We live in a world where “data is the new oil” or “data is capital” and many other variations on the theme that data is a valuable commodity. I agree with these analogies, with specific care given to the idea that data is a commodity and needs to be refined or employed to maximize its value.
You have probably heard about the growth in data volumes that the world is producing. One of the most compelling statistics about data growth is that 90% of the world’s data has been created in the last two years (Attunity, 2018)! Couple that with the projected growth in IoT devices – potentially 20 billion in 2020 (Statista, 2019), and we will be doubling the volume of data even more quickly. We have been, and will continue to be, awash with data. While we can, and should talk about how we might leverage this new river of data, I’d like to focus on two things a bit more practical and useful today.
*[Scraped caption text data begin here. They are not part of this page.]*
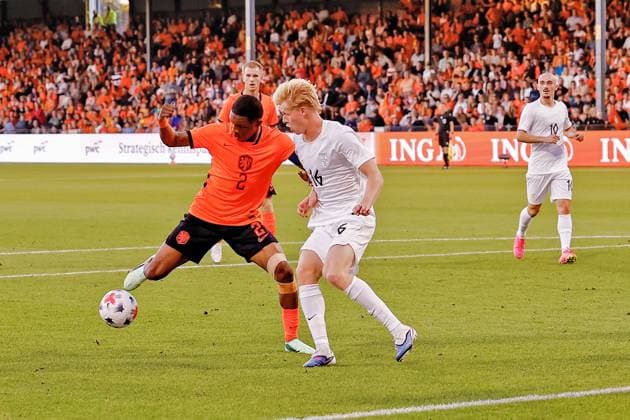 DEVENTER , 25-09-2026 , Stadium De Adelaarshorst , season 2026 2027 , EURO U-21 Qualification football . match between Netherlands U-21 and Norway U-21, Picture shows Netherlands U21, U 21 player Givairo Read vs Norway U21 player Jakob Hansen Netherlands U21 - Norway U21  x207557811x Copyright:
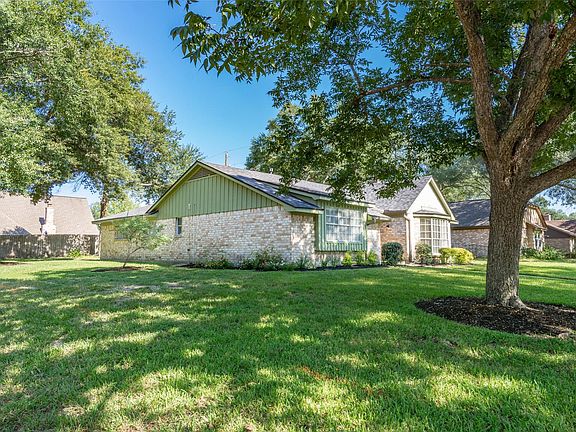 3rd image of 12903 Rolling Valley Dr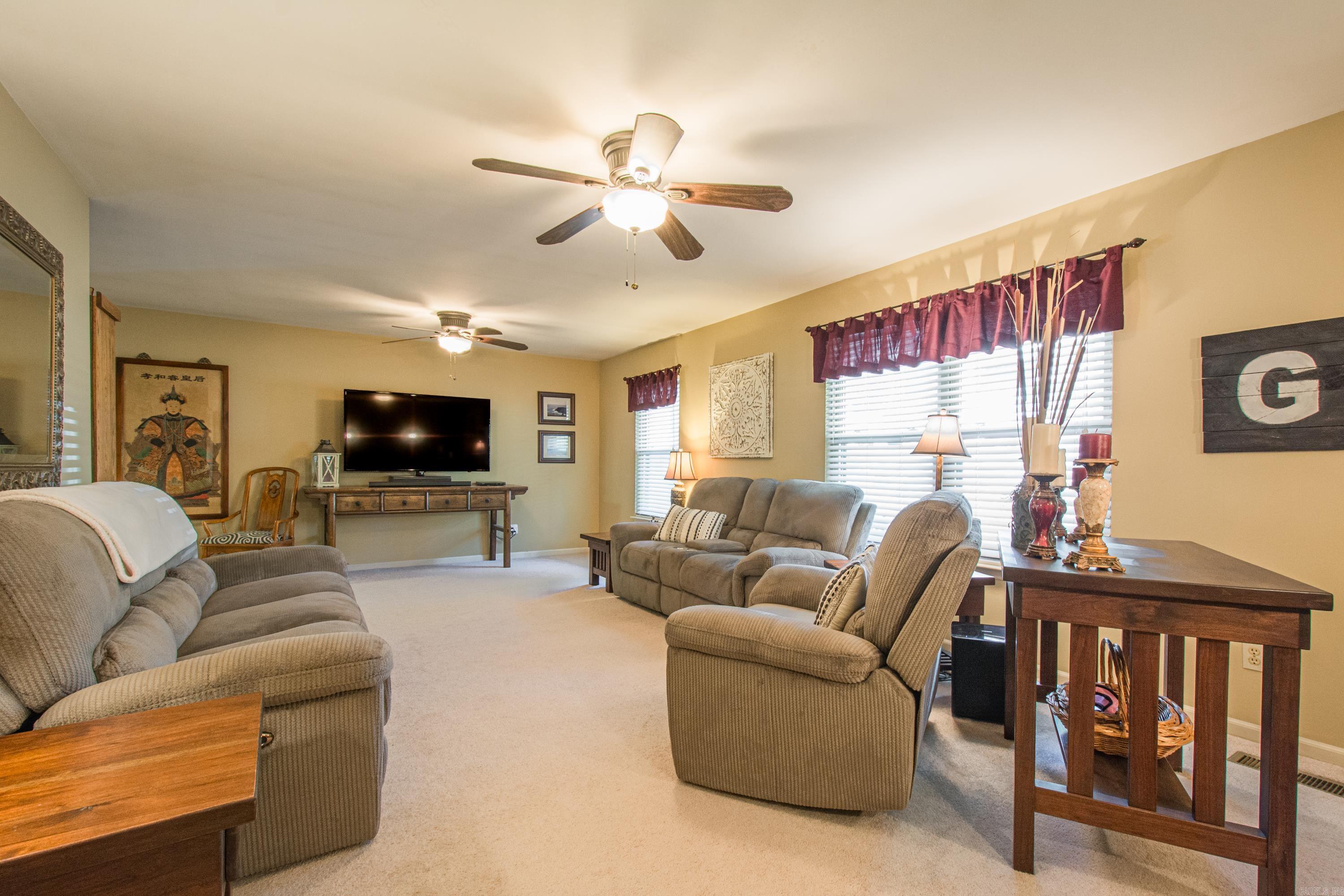 LEAWOOD MANOR - Residential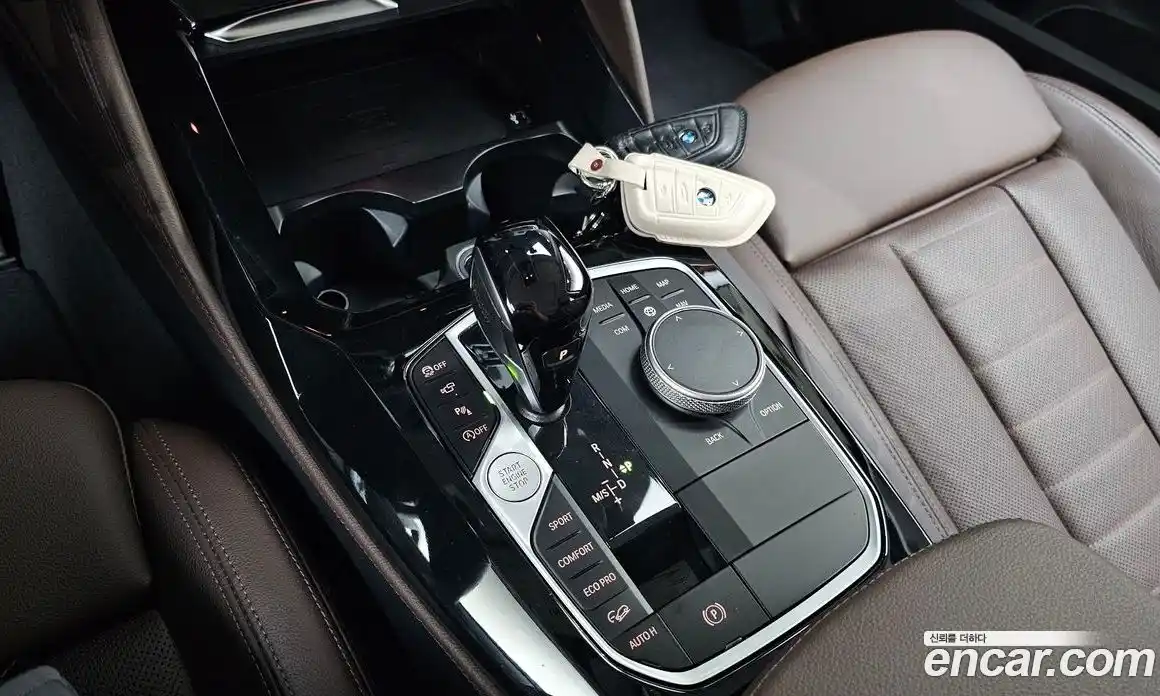 BMW X4 2025 2.0 гидро, фото 11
First, open data from governments and NGO’s. One of the consequences of our increasingly data-driven society is the response of governments to make the data they collect and generate open to its citizens. People pay governments through taxes and fees, and the concept that the data generated by these governments is or should be owned by the taxpayers is being embraced globally. Government open data portals are becoming common and more valuable each year. Data contained in these portals contain very valuable information about demography, geography, economics and public safety. Data on product safety incidents, recalls, potentially hazardous products and much more can be found in these portals or on the websites of safety regulators.
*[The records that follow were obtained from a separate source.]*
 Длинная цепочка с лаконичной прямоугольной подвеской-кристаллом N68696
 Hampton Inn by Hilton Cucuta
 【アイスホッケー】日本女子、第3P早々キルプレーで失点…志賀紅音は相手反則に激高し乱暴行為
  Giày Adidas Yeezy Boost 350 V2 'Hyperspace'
As TIC professionals, we have an obligation to leverage this government data to inform our safety and compliance programs. The insights from incident trends, specific incident conditions and people’s behavior can ensure that the standards we write and services we provide for product safety and conformity are addressing the current state of safety, not an historical view of the way things were. Using real time data feeds and modern database technologies, these incident data can be captured and analyzed as quickly as the data are released by the government agencies. One of the key technologies that may be leveraged to gain these insights is natural language processing (NLP). Using NLP, the unstructured data contained in incident narratives and consumer reports can be analyzed, categorized and visualized in ways that can provide specific information on modes of failure, user behavior and environmental conditions associated with the incident. This provides rich information, not just data, that can be leveraged to improve standards, test protocols and inspection programs.
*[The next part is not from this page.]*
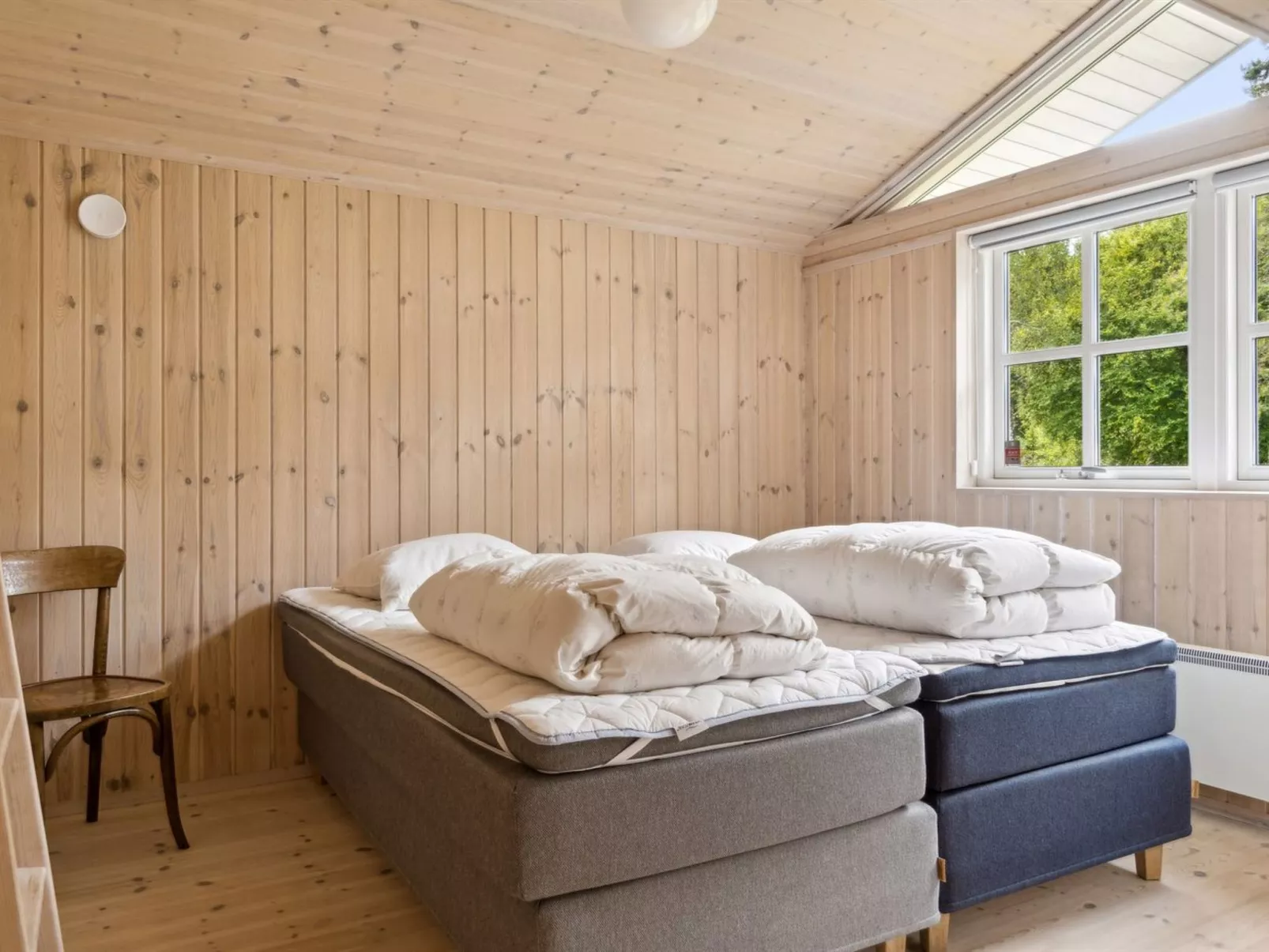 "Launo" - 1.1km to the fjord-Drinnen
The second topic of practical concern is the un-used and un-analyzed data that is generated in the course of conducting TIC activities. Many TIC organizations are so focused on the outcomes and deliverables of their services – the inspection or test report and certification decision – that the supporting and ancillary data are never accessed, or worse yet, discarded. If the organization is only focused on Pass/Fail or Acceptable results, valuable trending data, benchmarking statistics and failure mode information will be lost. These data, once again can be useful in improving the overall performance of the components, products and systems that are evaluated through TIC services.
While most will agree that discarding or ignoring data is a bad idea, there are powerful disincentives to capturing and storing additional data. The added time and expense to ask a laboratory technician or inspector to capture the additional data may seem to be at odds with operational efficiency. This is where the engineering staff and data science team have to be able to be able to quantify and show the value of the additional data. Technology is also at work here, driving the incremental cost of data capture and storage down each and every day. Those IoT sensors mentioned above – they will make it trivial to capture volumes of data that will prove to be valuable in the long run.
The bottom line
My advice – leverage the data you already have access to – through open data and your own organization, to improve our industry and the safety and compliance of the products and systems we use every day.